Nawet zaobserwowałem kiedyś z mostu,jak w stadzie identycznych uklei,pływała jedna z czarnym grzbietem(mozliwe,że to był jelec)Drapieżnik takiego odcinającego się doopnie raz dwa
Jednak z drugiej strony,czasem może być podejrzliwy...bolenie to strasznie cwane ryby,szczególnie na płytkiej wodzie i trzeba czasem sporo pokombinować,nawet z kolorami.To co spinnerman pisał,ze ryby widzą inaczej,czyli z innej perspektywy?(grzbietu nie widzą?)

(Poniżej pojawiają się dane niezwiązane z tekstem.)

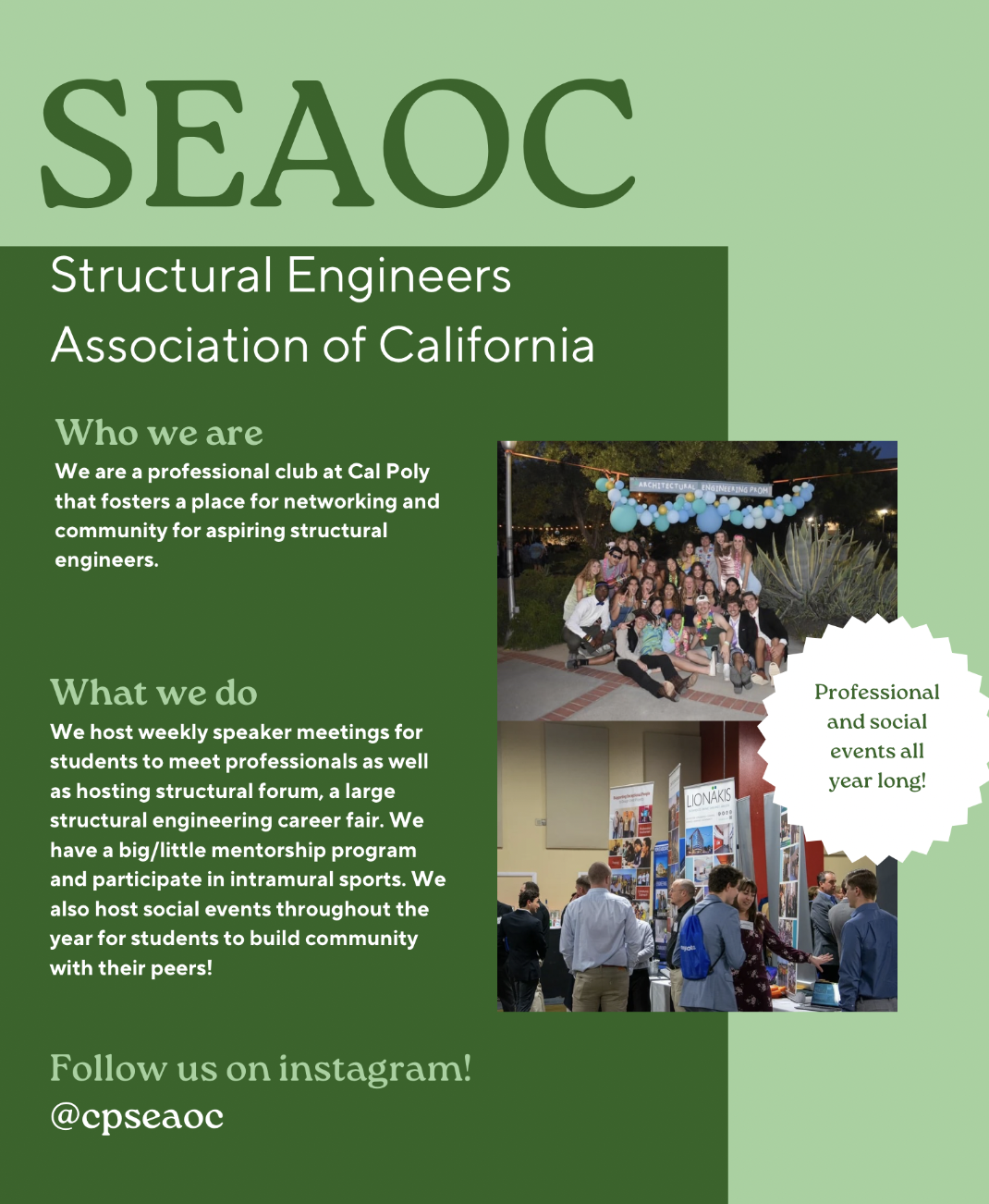 October 14, 2024 University Honors Program Cal Poly, San Luis Obispo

Jak łowię w bardzo przełowionych miejscówkach,to czasami boleń potrafi jechać jak torpeda za woblerem kilka metrów i oglądać go z obydwu stron ...czasem jak mu się spodoba kolorek to zeżre
Racja,co do podejrzliwości ,to u nas objawia się puknięciem w przynętę i tyle,można od razu ją zdjąć(przynętę)z agrafki i podrapać się w czoło i pomyśleć co teraz założyć.Myślę że nie odkryję nic nowego jak powiem że zmiana przynęty na inaczej pracującą i wyglądającą i może być ciekawie.
Nic więcej nie piszę bo zostanę objechany przez autora wątku ,dobrze ze woblery konkretne ,to się może nie będzie gniewać.